Slick, who played his first blues gig in Raleigh, N.C., said he started playing the blues around here after a performance at the Como Steakhouse.

"The first blues festival I was ever invited to play took place just down the road in Sardis," he said.

While admitting there is still a lot of growing he needs to do as a musician, Slick said he has already seen several changes to his musical style in a short time.

"I went back to the roots," he said. "I went back and got deeper and deeper into the Mississippi style of the blues.

"I was able to learn a lot from the black musicians that were open and willing to teach me what they knew, and that made me want to get into what the music was all about," Slick added.

Slick said when he learned of the history of the blues from his countless teachers, he discovered that so many people have a misconception about what blues music really is.

"I hate to say this for the way it is going to sound, but a lot of white people see Stevie Ray Vaughn and think of that as the blues," he said. "That is more of the rock and roll side of the blues than the real blues.

"The real blues came out of the cotton fields in Mississippi," he said. "A lot of old black blues men tell me that the blues were a gift from God. A way for people to sing and dance their blues out."

Slick said he believes blues music provided people a way of expressing their troubles and transgressions without getting bogged down in them.

"Everybody is going to have to go through something hard in this life," he said. "It is those hard times that became the basis of real blues music."

Slick’s hard work and dedication to learning as much as he can about the blues has paid off. He was signed by John Prine’s Ol Boy Records in September.

Ol Boy features a talent roster that includes names like Prine and original country outlaw Kris Kristoferson.

In addition to a record label, Slick also signed with a management group very familiar with the blues.

"I signed with managers out of Minneapolis, Minn.," he said. "They still manage Stevie Ray Vaughn’s band Double Trouble.

"Over they years they have managed people like Luther Albertson and Johnny Lang," Slick added.

With his career now on the fast track, what can his loyal followers of Panola County expect? Slick said we can expect more of the same we have seen from him in the past.

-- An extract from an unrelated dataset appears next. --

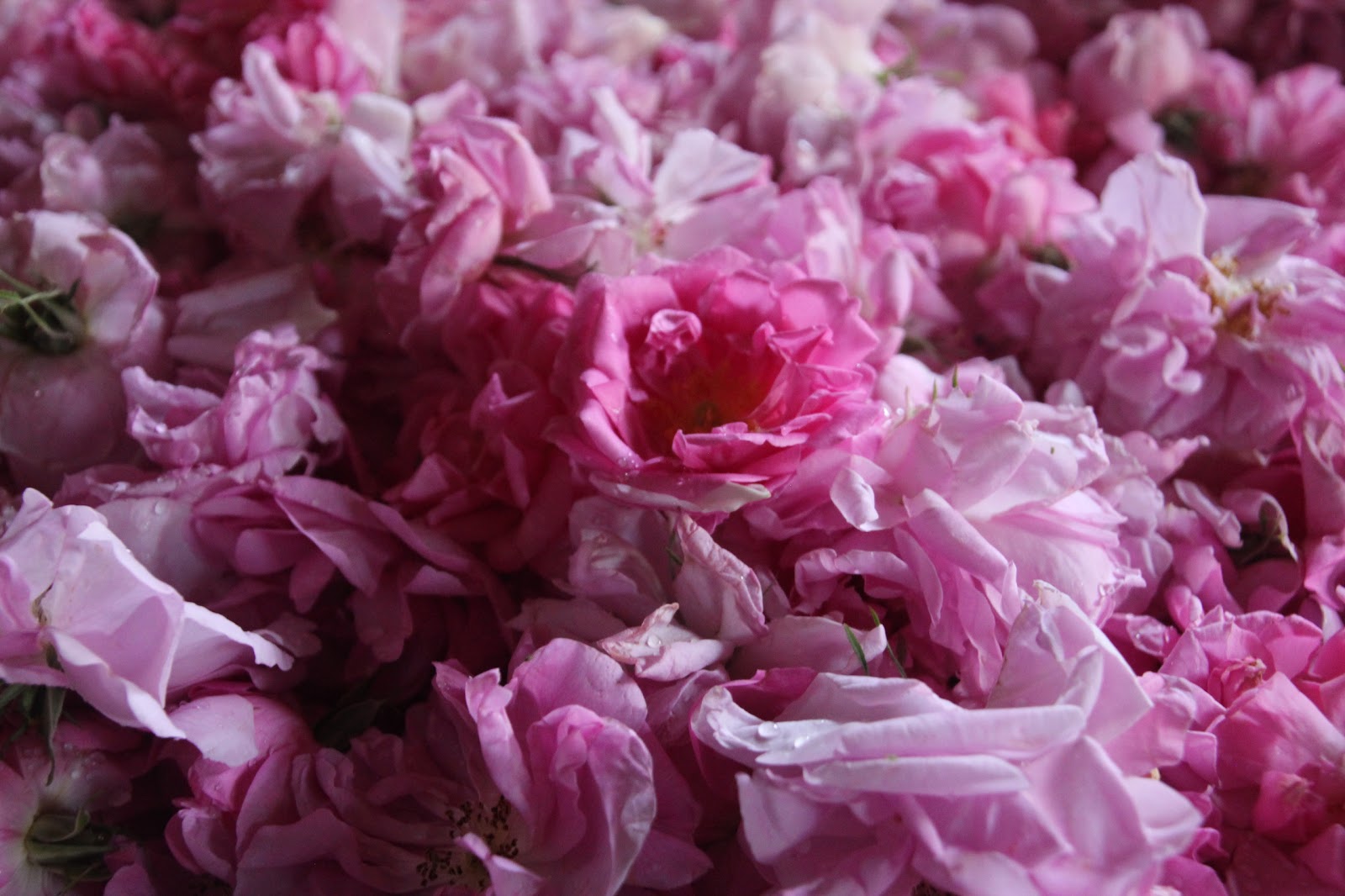 Road trip The Roses of Jebel Akhdar Life outside the M25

"My first album will be all me," he said. "It won’t be some manufactured sound.

"I will be doing all original music that let’s people see just what good old Mississippi blues music really is," he said.

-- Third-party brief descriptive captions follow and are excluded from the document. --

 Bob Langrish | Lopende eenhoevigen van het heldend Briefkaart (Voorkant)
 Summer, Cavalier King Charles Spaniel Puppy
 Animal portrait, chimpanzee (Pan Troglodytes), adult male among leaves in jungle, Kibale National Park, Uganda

Slick said his goal through all of the process of recording and touring is to spread a message and the truth behind real blues music.

"Don’t get me wrong, I want to earn a decent living," he said. "But I don’t have to get rich to have a good life.

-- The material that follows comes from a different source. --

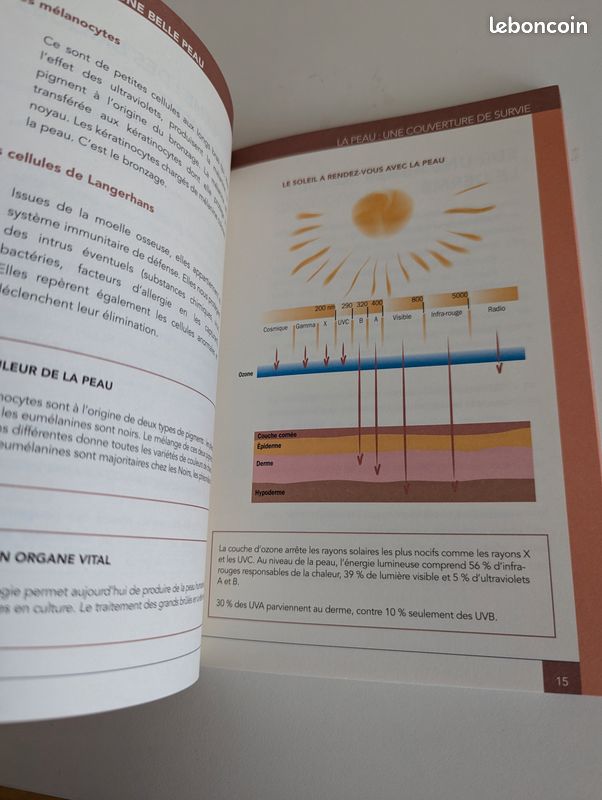 Livre les secrets d'une belle peau (image 3)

"I want my music to be something that can go world wide while it stays at home in Mississippi at the same time," he said.

As for those Mississippi roots, Slick said we need not worry about him changing because of his newfound success.

"I was born and raised in the south, and I will probably live the rest of my life in Panola County," he said. "If I ever lose my Mississippi roots, I will quit playing music.

"I promise this is not going to change me," he said. "I am still gonna go out there and keep being Slick."